■ **Supplied records**:
—————

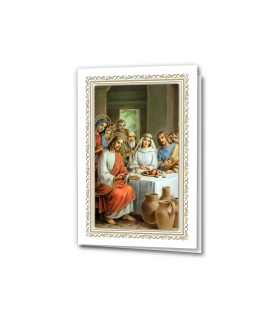 Biglietto in cartoncino con oro a caldo raffigurante le Nozze di Cana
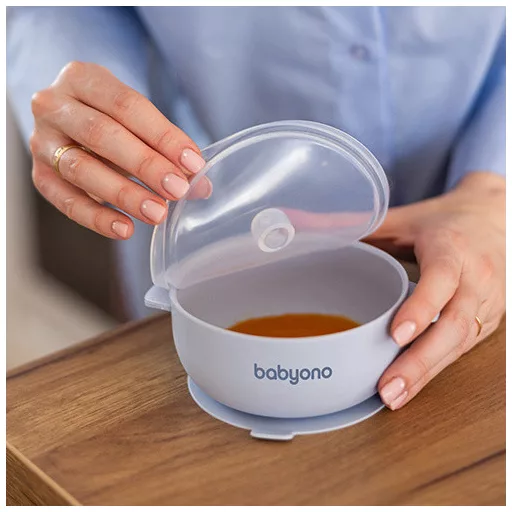 BabyOno tapadókorongos tálka fedővel - kék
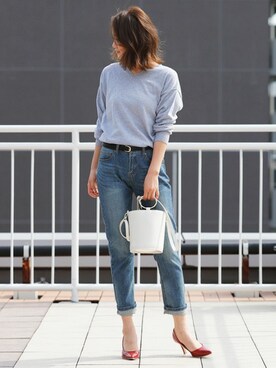 「バケツバック」｜Pierrotスタッフ★大人に似合う高コスパ服をお届けさん（レディース・163cm）の春コーディネート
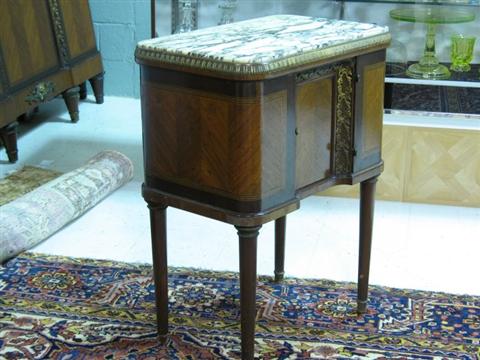 Appraisal: PAIR OF LOUIS XVI STYLE PARQUETRY SIDE CABINETS Late th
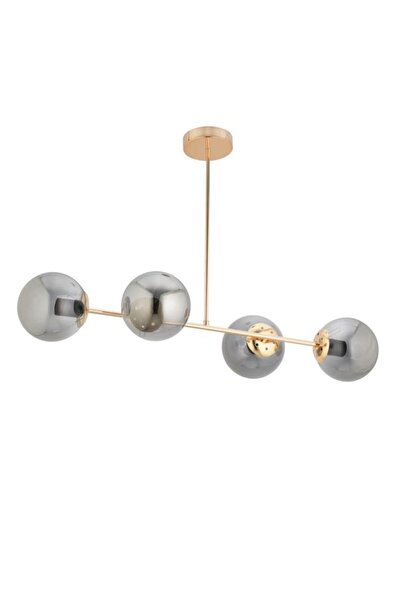 İstanbul Avize İstanbul Avize Vina 4'lü Gold Füme Glop Camlı Avize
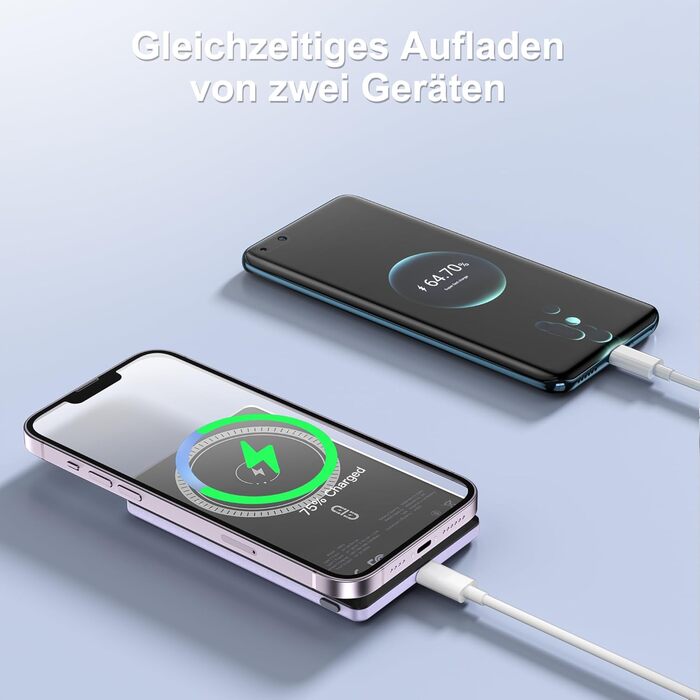 Power Bank NOHON MagSafe 5000mAh: Бездротовий акумулятор з MagSafe, PD 20W, USB-C, 8мм, для iPhone 16/15/14/13/12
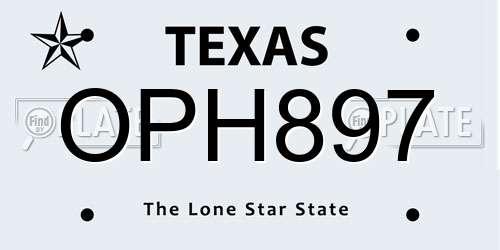 OPH897 Texas License Plate
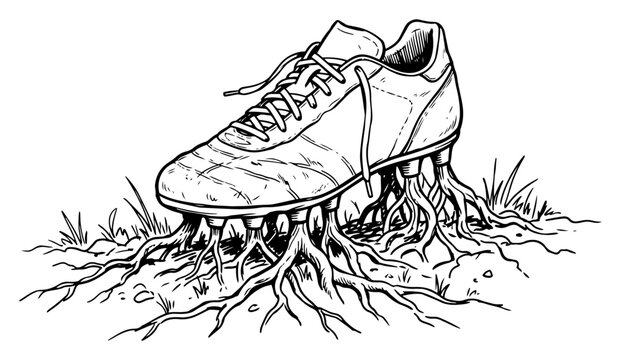 Soccer cleat with studs growing into roots signifying strong football foundation in hand drawn sketch style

—————

■ **Task to carry out**: Write out an exact reproduction of the lines from the line that holds "Power Bank NOHON" to the bottom of the listing above, both ends included. Exclude pictures.

■ **The completed task**:
 Power Bank NOHON MagSafe 5000mAh: Бездротовий акумулятор з MagSafe, PD 20W, USB-C, 8мм, для iPhone 16/15/14/13/12
 OPH897 Texas License Plate
 Soccer cleat with studs growing into roots signifying strong football foundation in hand drawn sketch style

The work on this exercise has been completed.